DanEC 08-12-2013 04:47 PM

Quote:

Originally Posted by joyridin' (Post 1257091)
That was before I bought the Speed Bleeders...but it still didn't take me 5 hours.

Hell, I've been building this thing for 3-1/2 years. What would make you think it would take me any less time?%/

patrickt 08-12-2013 05:27 PM

Man, I'm going to be really surprised if it's sucking that much air past the threads on the bleeder screw on a freshly rebuilt caliper, but what-the-hay.... If Teflon tape doesn't fix it, then I say the caliper had a POS-rebuild job done on it, or maybe you're pulling air in the master cylinder because you're pumping too hard, with too long a stroke, and pumping too quickly.

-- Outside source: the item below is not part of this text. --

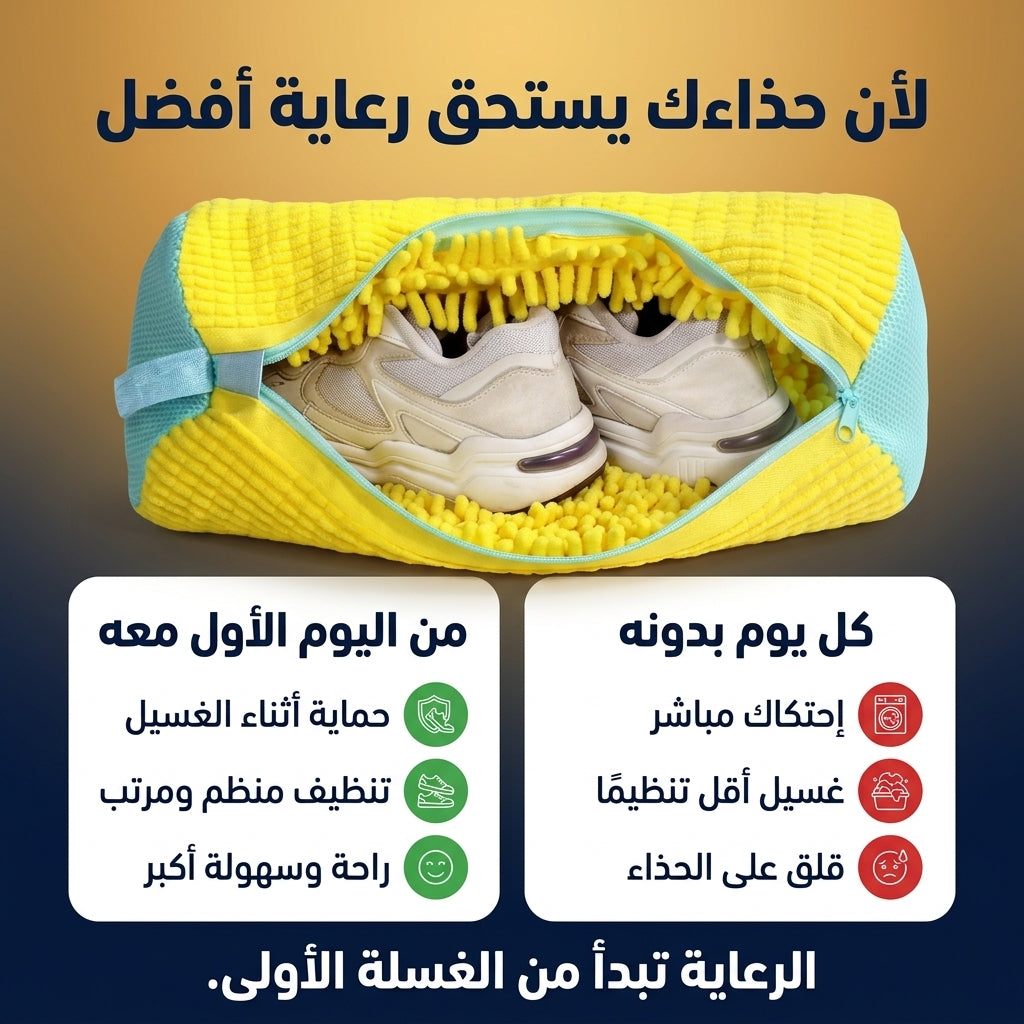 حقيبة غسيل الاحذية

kevins2 08-12-2013 05:34 PM

Quote:

Originally Posted by DanEC (Post 1257130)
Kevin - any idea as too how high? I had the nose elevated probably about 7 to 8 inches in order to pull the front tires. No need to remove the rear due to the inboard calipers.

Hi Dan,

I did the same thing in my first attempt but subsequently spoke with Doug. He indicated you need to raise it as high as possible and, as I said in a previous post, he actually uses a section of 4x4 on his jack to raise it higher than the jack would alone. His point is that air can remain trapped in the master cylinders if you're gravity bleeding or even using the pedal pump method. This is my first time through this so I'm just passing along the information I received (and obviously has worked for Doug many, many times). There're a lot of good suggestions in this thread and, since I'm not happy with my pedal pressure, I'll be addressing this again myself.

Regards,

Kevin

joyridin' 08-12-2013 05:45 PM

Quote:

Originally Posted by DanEC (Post 1257131)
Hell, I've been building this thing for 3-1/2 years. What would make you think it would take me any less time?%/

That is pretty good. My car has been on jack stands for over 3 years just to rebuild the Jag rear and upgrade the brake system.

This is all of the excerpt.